Additionally this would also provide the vital water for Menindee Lakes and lower lakes in South Australia.
It would find a solution to the impossible equation we’re trying to solve now, of where do you get water when you have none.
But sadly, every time someone brings this up they get ridiculed by a parade of cynics worshipping the god of inertia, whose solution for everything is to put a stick in the spoke of the wheels for civilisation.
With the Bradfield Scheme in play we could be one of the greatest agricultural exporters in the world.
I have never heard of a current alternative solution except suck it up and deal with it whilst feeling an absurd form of guilt you are somehow personally responsible for it not raining.
Irrigation is not the problem at the moment, drought in the south is.
There is little to no irrigation happening on the western plains, because there is no water. It is that simple and the solution to the dilemma has been available for about 90 years.
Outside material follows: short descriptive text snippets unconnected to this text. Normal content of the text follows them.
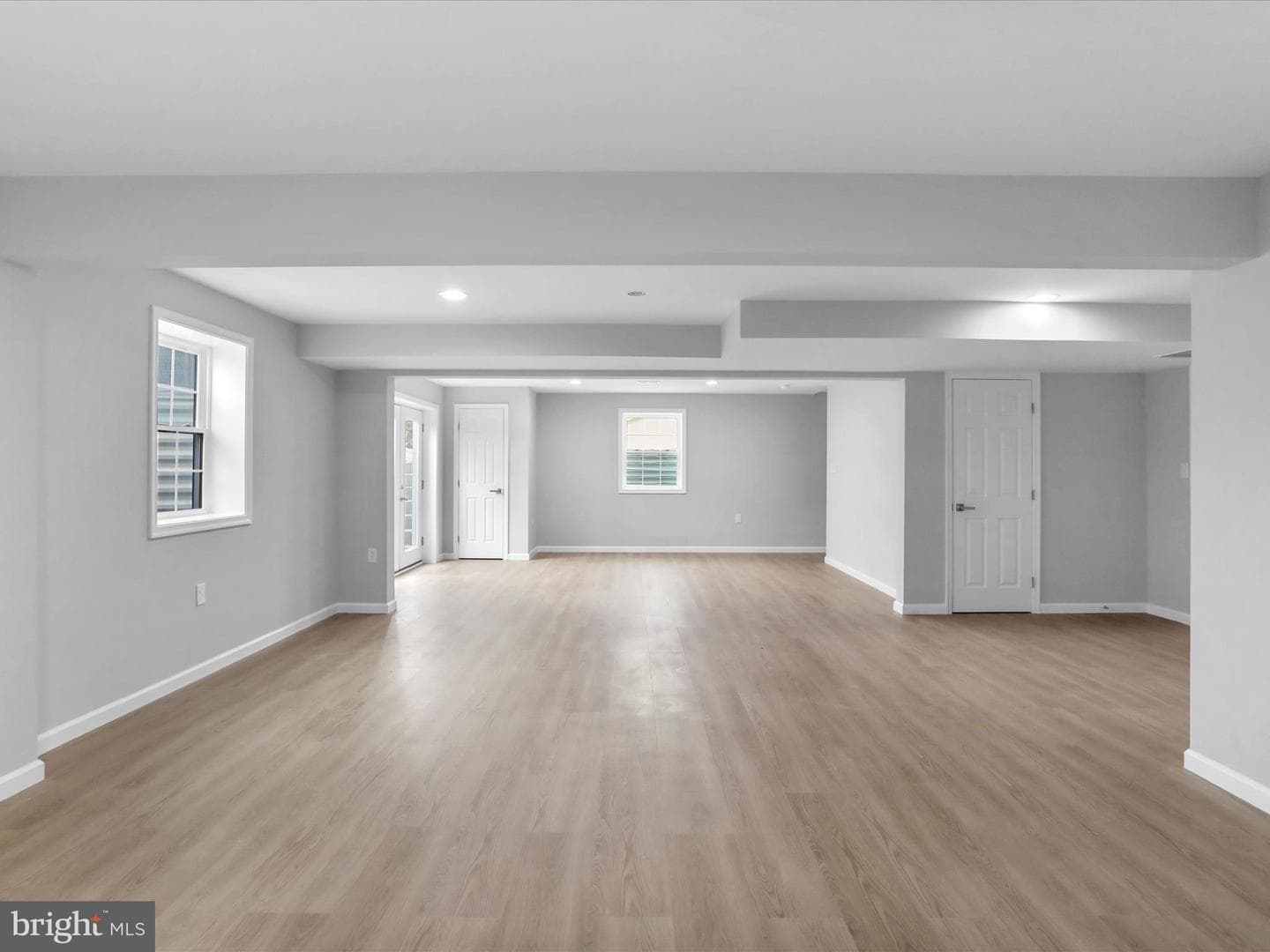 602 W Spring Street photo 31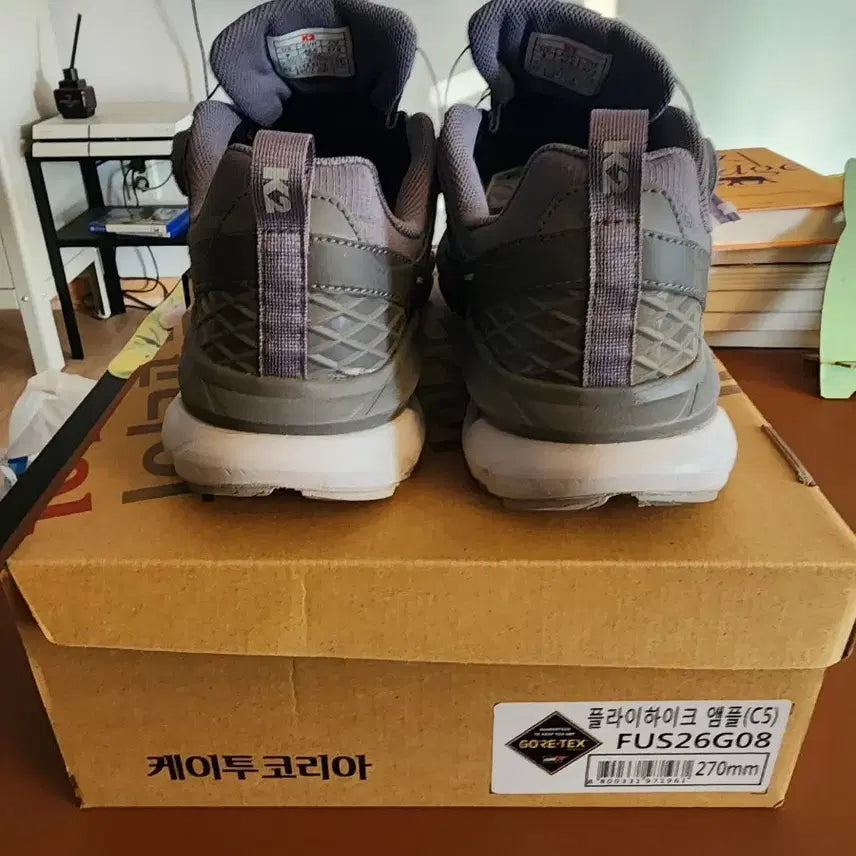 [BUNJANG] K2 Fly Hike GORE-TEX Hiking Shoes - Grey (270) / K2 플라이하이크 고어텍스 등산화 그레이 270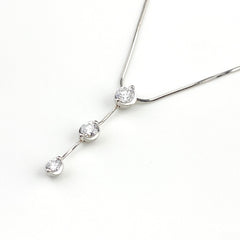 【最終値引き】 トリロジー ダイヤモンド デザインネックレス プラチナ ペンダント ネックレス Pt900 Pt850 ダイヤモンド レディース 【中古】 
 ラッピング可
One of the major architects of the solution was the same person who came up with the implausible idea of building a large steel bridge from Dawes Point in The Rocks to Milsons Point – the Sydney Harbour Bridge - which at the time could fit nearly every motorcar in Australia on it.
Bradfield was so out there, he designed another from Kangaroo Point in Brisbane to Fortitude Valley.
Everybody talked about the construction of the Harbour Bridge as an expression of national pride.
Sadly, for many years Dr JJC Bradfield’s 1938 solution to inland droughts has been put in the too hard basket.
Basically the Bradfield Scheme is a grand design on how to move water. Ultimately moving water down the Thomson and Warrego Rivers, into the Darling System through the Menindee Lakes, via all the districts we hear on the news which are in drought, finally flowing out to sea at Coorong in South Australia.
This would be a major piece of national infrastructure. Major water infrastructure always is.
When engineer CY O’Connor undertook to build the Goldfields Water Supply Scheme and pipeline from Mundaring Weir on Perth’s Helena River to Kalgoorlie, he and Premier Sir John Forrest faced strong criticism.
The cost of scheme when commissioned in 1896 was equal to the colony’s entire annual budget.
We’d do well to remember the Snowy Mountains Scheme was started in 1949 with a ceremonial blast at Adaminaby, NSW, by then Prime Minister Ben Chifley, and completed in 1974 for a total cost of $820m, the equivalent of $6.8bn today.
In the 1949-50 federal budget, total outlays were $1.439bn. So, the final cost of the Snowy Scheme was roundly 57pc of total commonwealth spending in the year construction started. The equivalent commitment today would be $278.5bn in the 2018-19 Budget of $488.6bn.
At the time, these schemes were highly contentious.
Today, no one doubts the huge rewards these schemes they have given to our nation.
The federal government has put money on the table for Hells Gate Dam, which is actually a small step in Bradfield’s grand plan.
Whether it takes five years or 50 years, we should start the process to construct the Bradfield Scheme.
We should construct the Bradfield Scheme well before we build a bullet train from Sydney to Melbourne - for which recent cost estimates for stage one are close to $50 billion.
We should build the Bradfield Scheme to meet the needs of a further 20 million people who’ll be part of Australia’s future population, who won’t be able to live in Sydney or Melbourne.
We should build the scheme to secure water for our growing population and support Australia’s agricultural industries.
Estimates to build the Bradfield Scheme range from $15bn upward, depending on the extent of distribution system, and leading infrastructure and financial experts believe it could be self-funding with no risk to taxpayers.
As a first step, federal support is needed to establish an authority, similar to the Tennessee Valley Authority, on which the Snowy Mountains Hydroelectric Authority was based.
With the Bradfield Scheme in play we could be one of the greatest agricultural exporters in the world.